46. ARTHUR BOYD
In 1958, Arthur Boyd was given significant recognition with an invitation to exhibit at the Venice Biennale. In a somewhat unexpected pairing, he was to be shown alongside Sir Arthur Streeton (1867-1943), Australias most significant painter of the previous generation who had died fifteen years earlier. The exhibition was intended to show the ongoing tradition of landscape in Australian painting and the responses of a new generation to their previous masters. Boyds Wimmera and Bendigo landscapes complemented Streeton classics such as Fires On! and Golden Summers, and it was a formal acknowledgement of the place he had reached in Australian art, a couple of years shy of his fortieth birthday. It appears that his placement in such a traditional and conservative context helped fire a profound change in Boyds artistic direction. The sweetness and light of the Venice exhibition was placed firmly behind him as he vigorously pursued the new direction of Love, Marriage and the Death of a Half-caste; better known the Bride series, first shown at Australian Galleries that same year.

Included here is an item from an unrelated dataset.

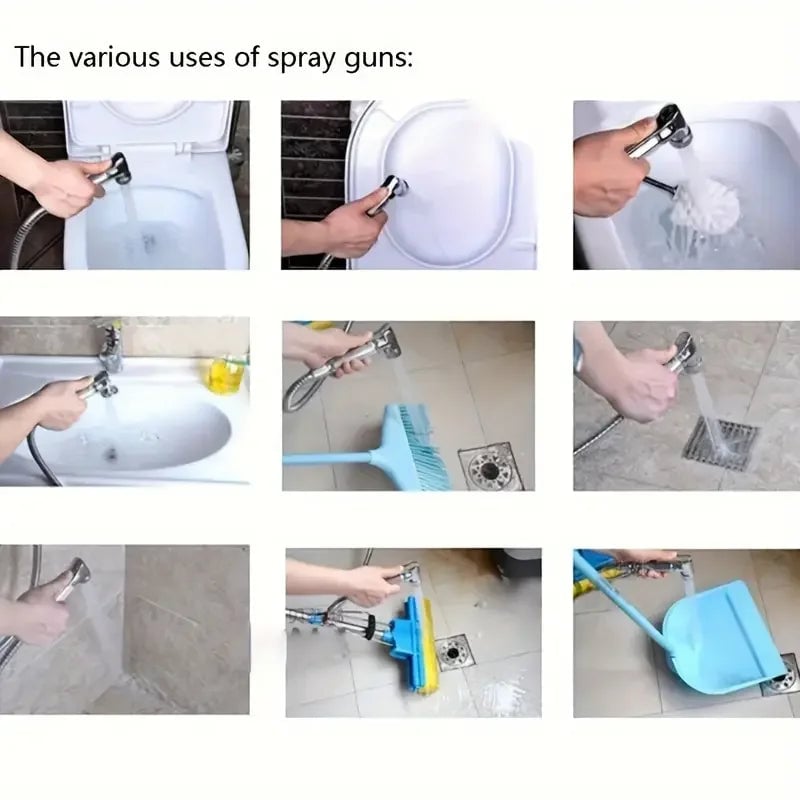 Handheld Toilet Spray Gun Bidet Attachment Booster Flusher Nozzle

The Bride paintings, with their dark and troubled couplings of man, woman and mythical beast, were expressive and modern, yet firmly rooted in mythology and ancient stories. Like his friend Sidney Nolan (1917-1992), Boyd took ancient myths and reimagined them in an Australian context. The ill-fated marriage of the black man and the white woman was still an orthodox concept in 1950s Australia and Boyd, with his deeply spiritual upbringing, reached deep into his imagination, carried forward on his understanding of the art of the past. The specifics of the bride story were then generalised into a series of meditations on the nature of love, both spiritual and physical. Nolan had mined such stories as Leda and the Swan and Boyd too worked through the catalogue of classical mythology. But while Nolan had tended toward a relatively straightforward narrative, Boyd invented a series of symbolic figures to carry the spirit of the story.

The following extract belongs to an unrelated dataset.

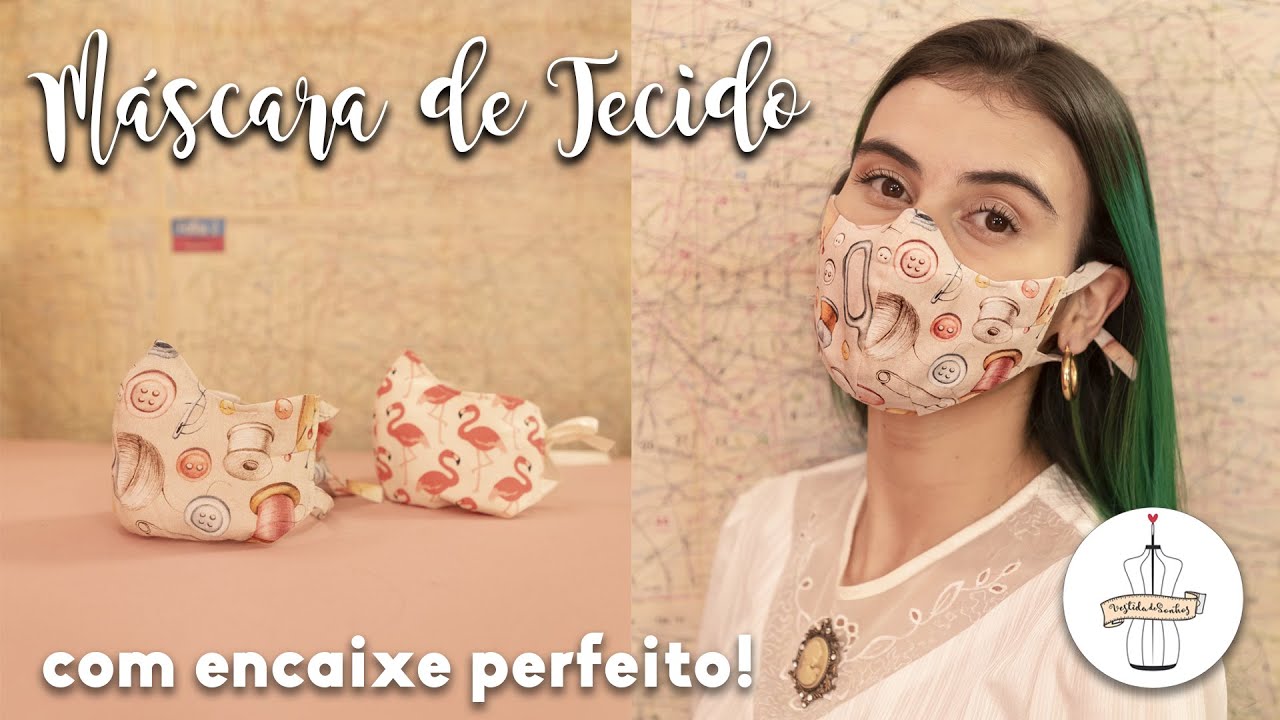 COMO FAZER Máscara de tecido com encaixe perfeito 😷MOLDES PRONTOS/EVITE PROLIFERAÇÃO DO CORONAVÍRUS🦠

The Lovers presents a tender coming together of two figures, the dark male and the white woman. The lovers have melded into one being, heads gently cradled and lit from the inner glow of the radiant woman. It is redolent of the Tibetan Buddhist Yam-Yum, the tantric melding of two individuals into one. But the splayed legs and amorphous body also form a menacing beast, a four-legged spider or some strange crab. In the coupling of the two ardent lovers a new being has been created, one that might as easily bring disaster as pleasure to the relationship. In the background shadows, a third figure leans forward into a dark pool. It is a reappearance of the Nude Figure Washing, one of the cast of characters from the Bride series. Again the awkward, splayed legs create a menacing presence, perhaps the ritual washing before the slaughter or the female spider preparing to devour her partner once his task is complete.

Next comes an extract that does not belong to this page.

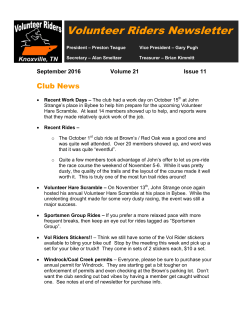 November 2016 - Volunteer Riders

The scale of the work is significant in that the man-woman-chimera is roughly life-sized, bringing a believable reality to the striking invention. Pale grey limbs and facial features loom out of the darkened scene, the only colour being flickers of light from the red hair of the woman, reflected out from the glowing underside of the melded head. But words become superfluous in grappling with the meaning of Boyds invention, for it is the visceral reality of the artists vision that provides all the explanation required. The Brides and Lovers are among the most powerful works created by any Australian artist in the middle years of the twentieth century, high points in the career of the most loved and admired artist of his generation.